On bromances and romantic friendships

Interesting perspectives, and so glad people are talking about the fact that, well, sex is not everything.

"Bromance: Drawing the lines of male relationships" by Stacie Foster, Daily Orange:

The real-life Joey and Chandler, Chace Crawford and Ed Westwick of "Gossip Girl," are also forced to dodge rumors about their alleged homosexuality. The two share an apartment and are often seen together publicly, but they've also both been romantically linked to A-list celebrities (A-list women celebrities). In Chace's case, he's dated country superstar Carrie Underwood, and Ed's been spotted kissing both Drew Barrymore and co-star Jessica Zhor. Obviously, Chace and Ed share a bromance, not a romance. Try to tell that to the media, though.

My question is, why haven't Jennifer Aniston and Courtney Cox Arquette or Jennifer Lopez and Leah Remini drawn the same criticism? It's not fair to question the pay disparity between actors and actresses, like many have, and ignore the social disparities.

I say kudos to Brody Jenner for trying to set the stereotype straight. Bromances aren't morally wrong, and they certainly aren't innately homosexual. Jenner may not be the most insightful Hollywood celebrity, and "Bromance" may be more about a paycheck than changing American culture, but Brody still made the leap. I respect him for that.

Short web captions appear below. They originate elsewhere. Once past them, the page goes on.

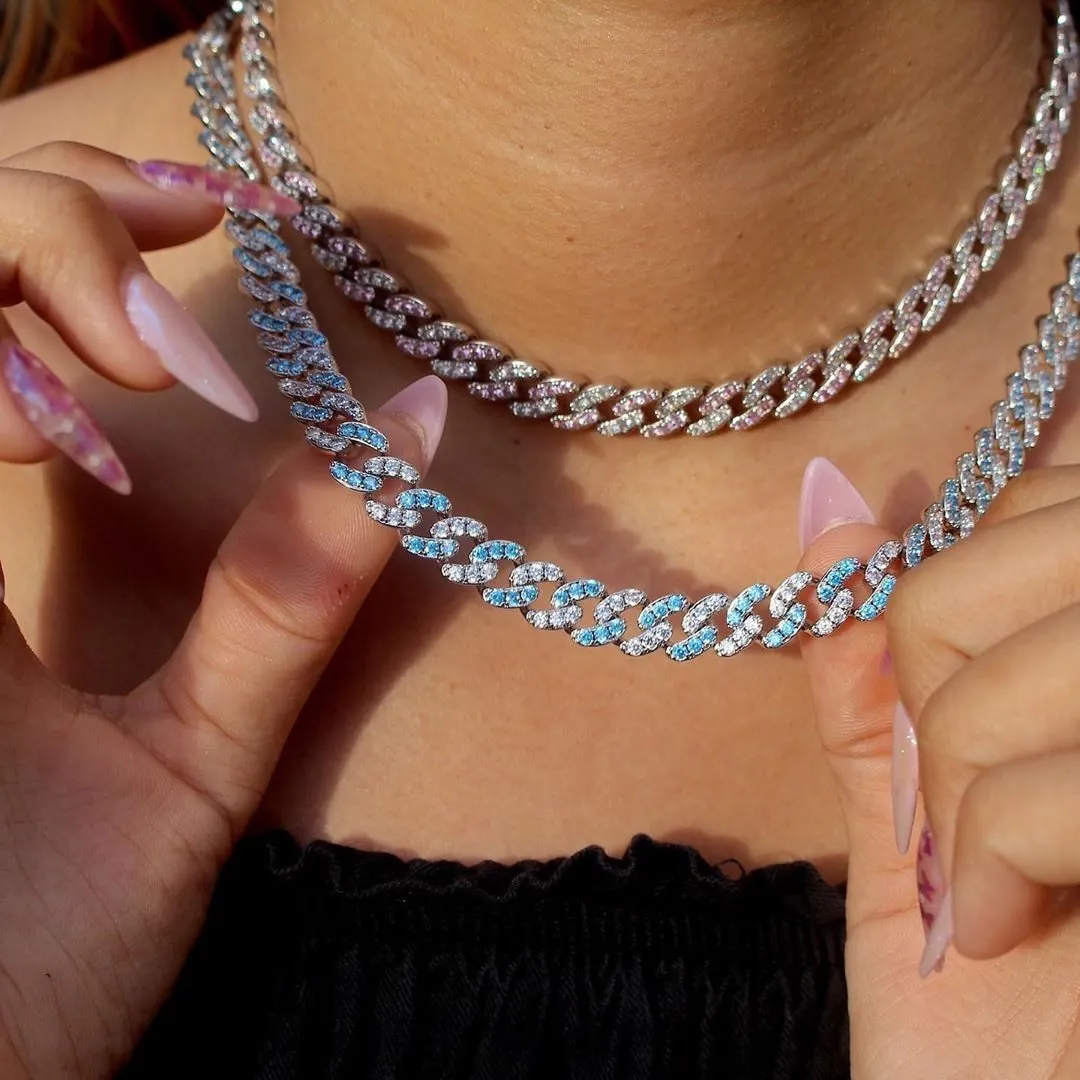 8mm Iced Out Bling CZ Miami Cuban Link Chain Charm Choker Necklace Pink Blue Trendy Fashion Necklace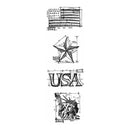 Tim Holtz Mini Blueprints Strip Cling Rubber Stamps 3In. X10in.  Americana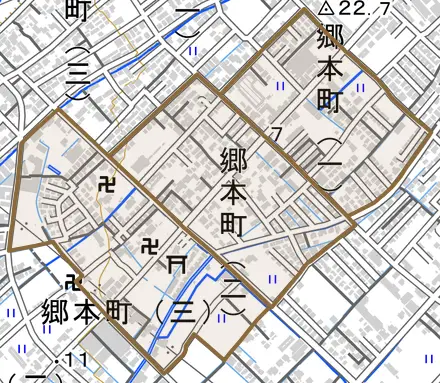 郷本町とその周辺の地図。町の範囲を重ねている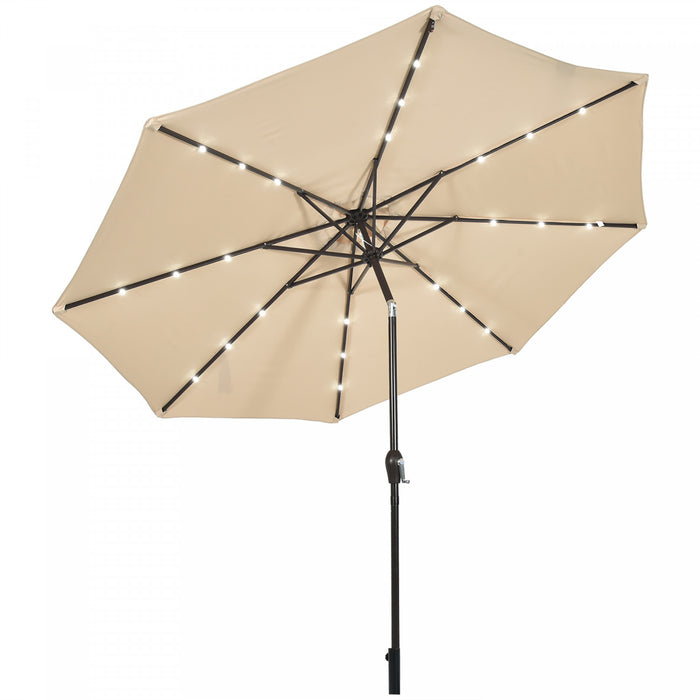 Costway Parasol de marche solaire LED de 10 pieds avec reglage d'inclinaison et manivelle, beige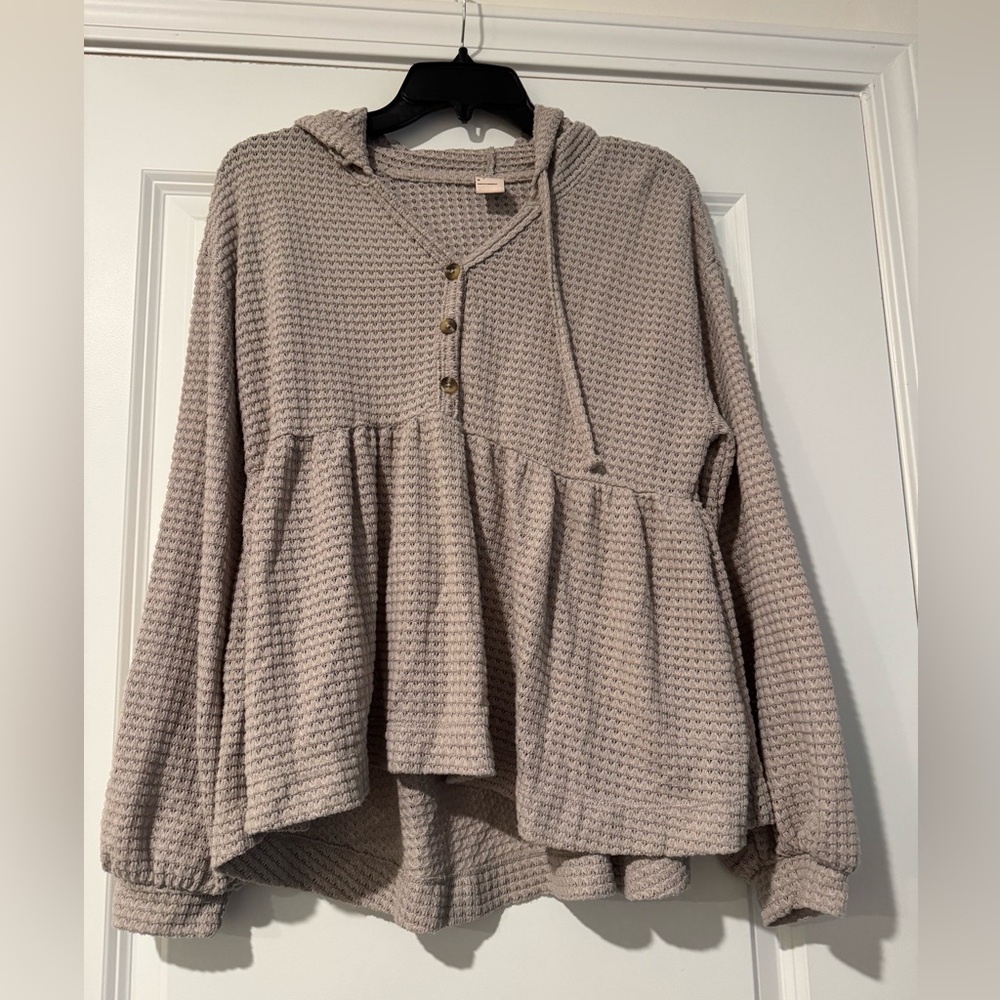 Waffle Knit Hooded Blouse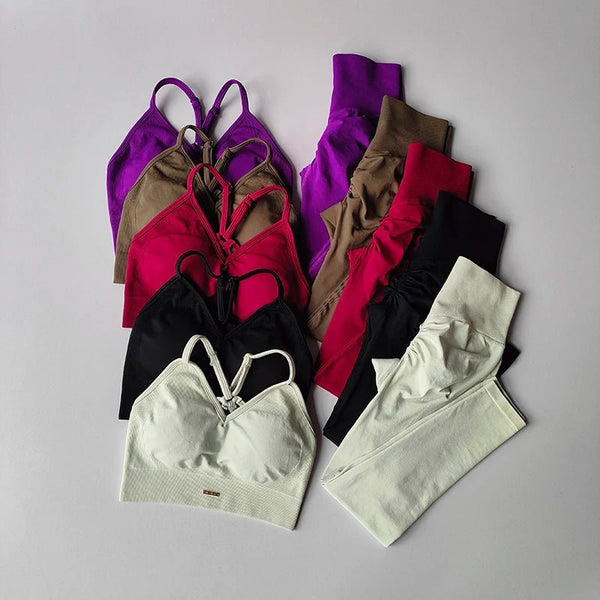 Seamless Hip - Lifting Fitness Yoga Set – V - Neck Bra & High Waist Leggings - VeauBeauty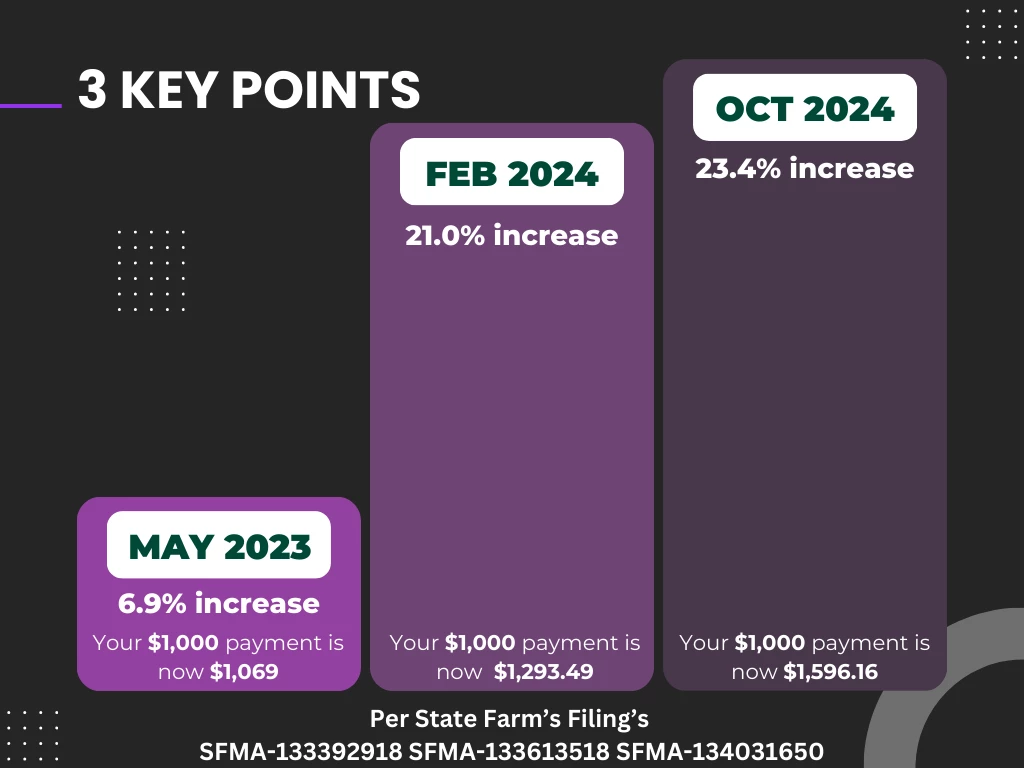 A diagram showing the magnitude of the increases over the past two years.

"Lustless love affairs: Girl crushes, bromance and other unsexy relationships" by Kate Carraway in Eye Weekly:

Romantic friendships require all of the focused care of a traditional romance, and related kinds of co-dependent intimacy and intensity. In a social context where fewer people get married, or get married young, and where more lose their relationship to divorce at some predictable point, the resulting emotional void demands the building and maintenance of magical pal-doms. I have maybe five romantic friendships among my first string. With them, my phone voice changes. They play with my hair. We are in love. Romantic friendships aren’t the same thing as regular, close friendships: my best ladyfriend and I aren’t at all romantic. We make fun of stuff on YouTube, play tennis and say goodbye by bumping fists, as detached and harmonious as adolescent next-door neighbours. My solid friendship with an ex-with-benefits isn’t romantic either, owing to our extreme competitiveness, mostly about our respective Jeopardy! prowess and the ongoing question of whether journalism or engineering is harder.

The collective, dreary absorption in getting laid means that the richness and radness of no-fucking friend-romances are usually undervalued, especially those between women. Girl crushes are often understood as precursors to lezzie stuff, even though most straight ladies grew up amid a close set of shrill, clutching girlfriends fed by a dramatic romance unfamiliar to most straight adult couples. Devotion to women-friends is a whole other thing when it’s felt by girls putting off babies and baby-daddies for a while longer. Although it’s sometimes maligned for its frattishness, bromance has of late gotten some kind of cred and been personified by reality douchemaster Brody Jenner, whose MTV show (yeah, Bromance) has men competing for his bud-ship. Outing man-love as a cool and appropriate thing is great, but I like bromance better when it’s about one unthreatened guy friend ironing the other one’s button-downs, just because, rather than glorifying wing-men.